## INPUT
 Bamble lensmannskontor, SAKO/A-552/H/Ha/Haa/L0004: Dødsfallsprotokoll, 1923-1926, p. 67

==

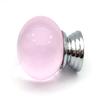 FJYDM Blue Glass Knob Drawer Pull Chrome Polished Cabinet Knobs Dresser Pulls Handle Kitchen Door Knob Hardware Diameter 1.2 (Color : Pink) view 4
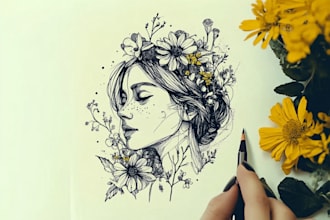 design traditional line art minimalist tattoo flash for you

--

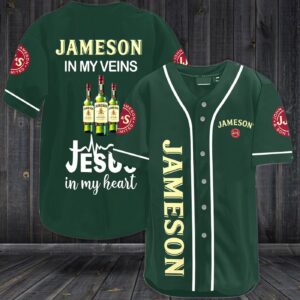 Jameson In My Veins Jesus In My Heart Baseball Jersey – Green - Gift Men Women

## WHAT THE TASK ASKS
Extract the part of the records that opens with the line containing "FJYDM Blue Glass" and closes with the line containing "design traditional line". Take only those lines, exactly, and no pictures.

## TASK RESPONSE
 FJYDM Blue Glass Knob Drawer Pull Chrome Polished Cabinet Knobs Dresser Pulls Handle Kitchen Door Knob Hardware Diameter 1.2 (Color : Pink) view 4
 design traditional line art minimalist tattoo flash for you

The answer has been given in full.